Bekçilik sistemi ve SADAT
Araştırmacı-Tarihçi Ayhan Işık, 20 Kasım 2020'de bianet'te yer alan "Devletin ve toplumun paramiliterleşmesi" başlıklı yazısında SADAT ilişkin şöyle yazmıştı: "Yine yasalaştırılarak yürürlüğe giren Bekçilik sistemi, Meral Akşener'in gündeme getirdiği "SADAT'ın, ülkenin çeşitli yerlerinde eğitim kampları kurarak sivillere silahlı eğitim verdiğine" dair iddiaları, toplumun milliyetçi ve İslamcı kesimlerinin de dahil edilip paramiliterleştirildiği yeni bir güvenlik konseptinin yürürlüğe sokulduğunu işaret ediyor.
Bunun yanında devleti yöneten elitlerin parçalı olması, yarı resmi veya gayri resmi farklı silahlı birlikler üzerinde kontrollerin olması, şiddet tekelinin bir grubun veya hükümetin elinde olmadığı ve her kesimin kendi paramiliter grubunu kurmaya çalıştığını gösteriyor.
"Paralı askerlik kurumsallaşıyor"
Bir taraftan yeni paramiliter formlar oluşturulurken bir taraftan da SADAT eliyle güvenlik danışmanlığı adı altında paralı askerlik sitemi de kurumsallaştırılıyor.
Fakat bu paralı askerliğin paramilitarizm ile teması, önemli bir ideolojik motivasyona sahip olmasıyla bağlantılı. Diğer bir ifadeyle, paramilitarizm ideolojik, paralı askerlik (mercenaries) ise pür ekonomik bir alanda yer alır.
Türkiye'nin yurtdışına yolladığı gruplar ikisinin arasında ama paramlitarizme daha yakın bir yerdedir. Dolayısıyla 2015 sonrası devletin ve toplumun paramilitarizasyonu, eski bir geleneğin modernize edilmesi, gayri resmi olarak benimsenmiş bir siyasetin meşrulaştırılması ve alenileştirilmesidir."
Adnan Tanrıverdi kimdir?
Ağustos 2016 tarihinde Cumhurbaşkanlığı Başdanışmanlığına atandı.

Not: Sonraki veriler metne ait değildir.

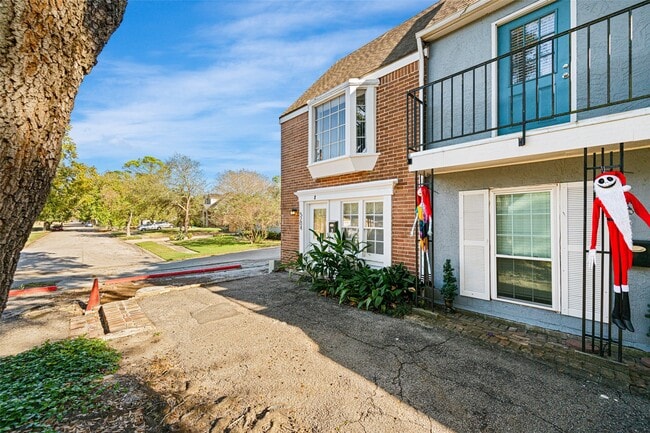 Foto del edificio - 5204 Arboles Dr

1964 yılında Kara Harp Okulu'na girdi. Kurmay subay olarak; Adapazarı 2. Piyade Tümen Komutanlığı ,İstihbarat Şube Müdürlüğü ve Kurmay Başkan Vekilliği; Kara Harp Akademisi Öğretim Üyeliği; Genelkurmay Özel Harp Daire Başkanlığı Lojistik ve Harekat Şube Müdürlükleri, Kurmay Başkan Vekilliği görevlerinde bulundu.
1980 Binbaşı terfi 1984 yılında Yarbay, 1987 yılında ise Albay oldu.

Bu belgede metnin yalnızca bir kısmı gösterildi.